START RECORDS
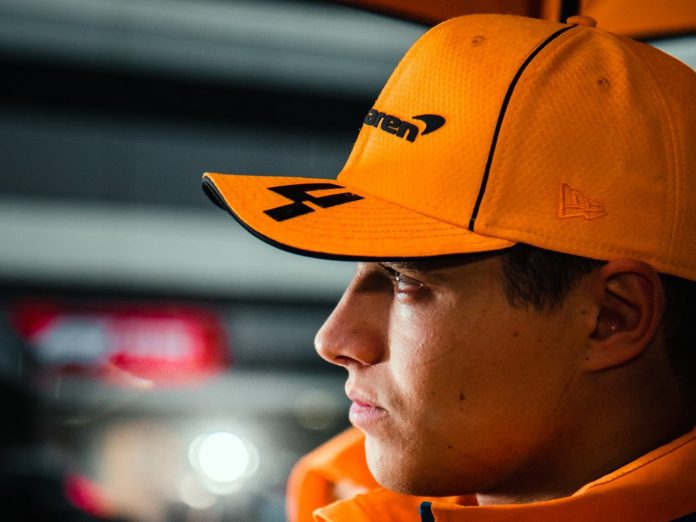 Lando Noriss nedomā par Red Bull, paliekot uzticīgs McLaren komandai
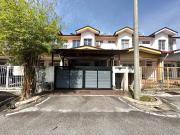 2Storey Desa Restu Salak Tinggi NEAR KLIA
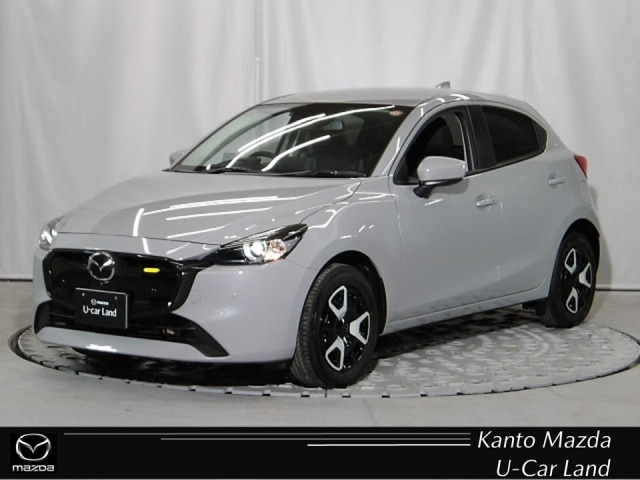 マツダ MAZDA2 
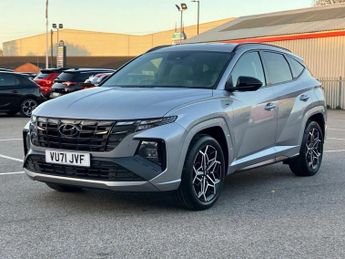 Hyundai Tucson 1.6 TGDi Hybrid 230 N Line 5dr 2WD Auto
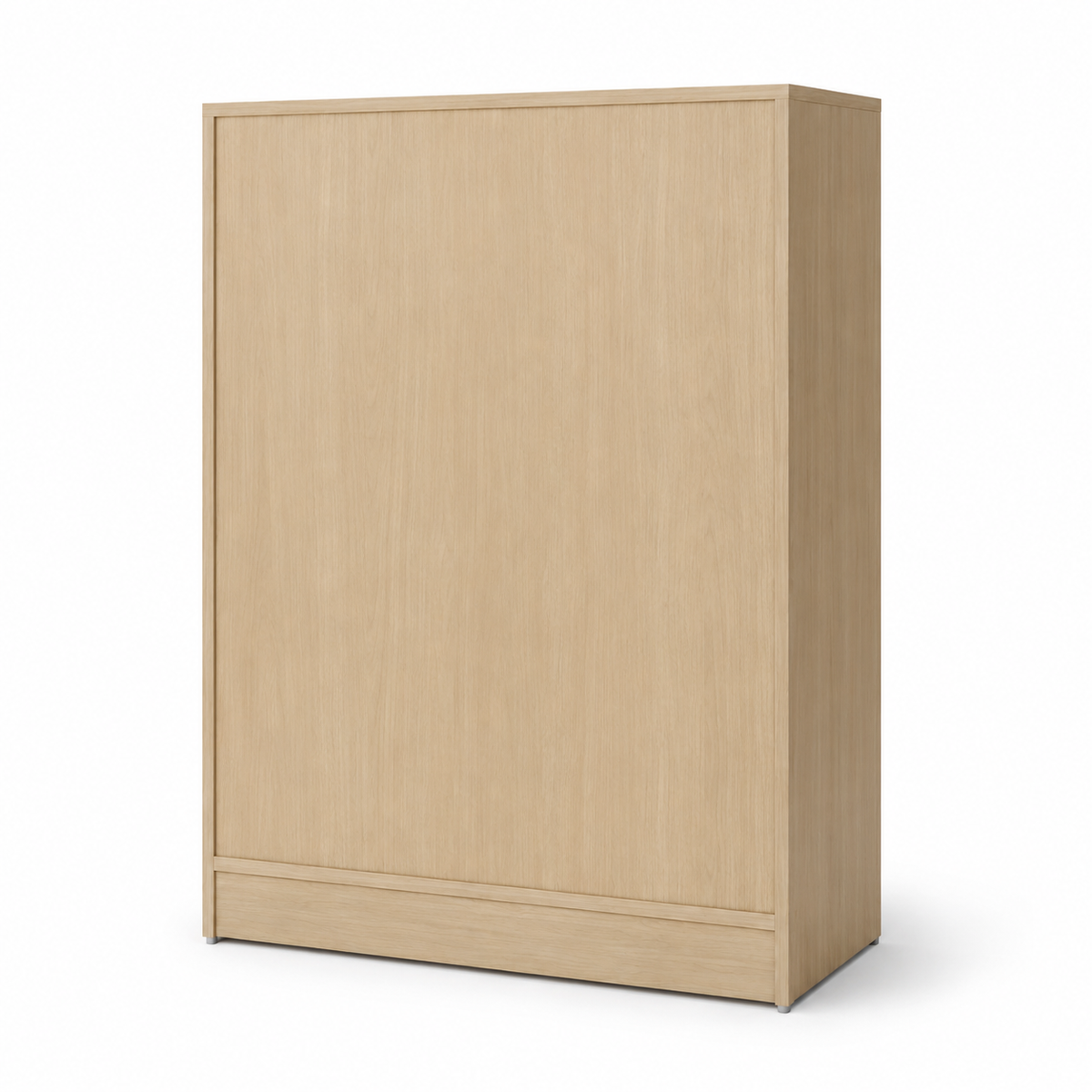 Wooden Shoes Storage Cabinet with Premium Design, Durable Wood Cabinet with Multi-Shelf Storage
END RECORDS
START RECORDS
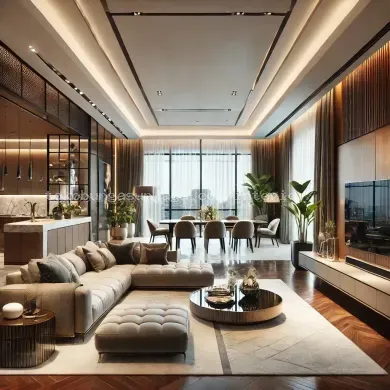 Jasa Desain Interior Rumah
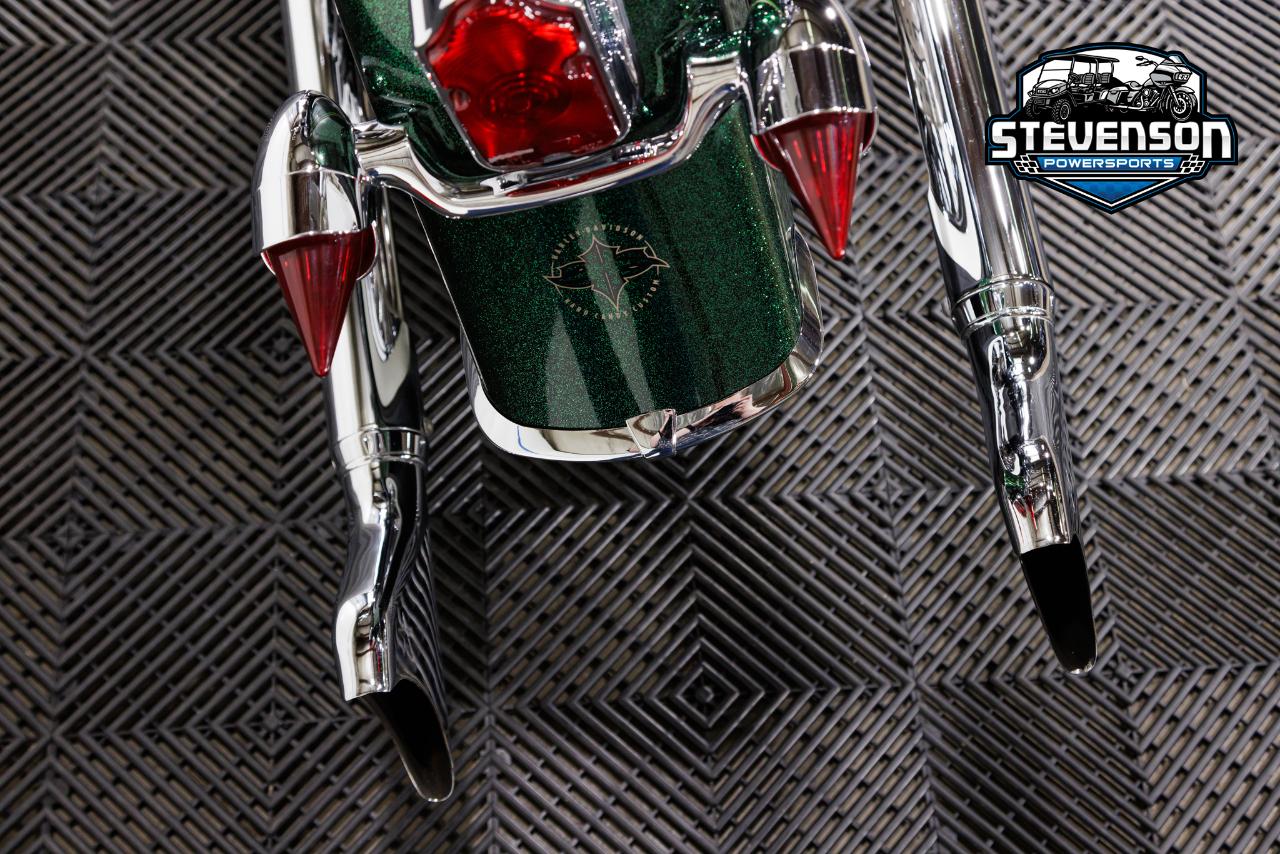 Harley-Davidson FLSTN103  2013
END RECORDS
▶ [GOAL OF THE EXERCISE]: Keep to the stretch from the line containing "Lando Noriss nedomā" through the line containing "Wooden Shoes Storage", both ends included, and copy it exactly from the listing above, minus the pictures.

▶ [ANSWER TO THIS TASK]:
 Lando Noriss nedomā par Red Bull, paliekot uzticīgs McLaren komandai
 2Storey Desa Restu Salak Tinggi NEAR KLIA
 マツダ MAZDA2 
 Hyundai Tucson 1.6 TGDi Hybrid 230 N Line 5dr 2WD Auto
 Wooden Shoes Storage Cabinet with Premium Design, Durable Wood Cabinet with Multi-Shelf Storage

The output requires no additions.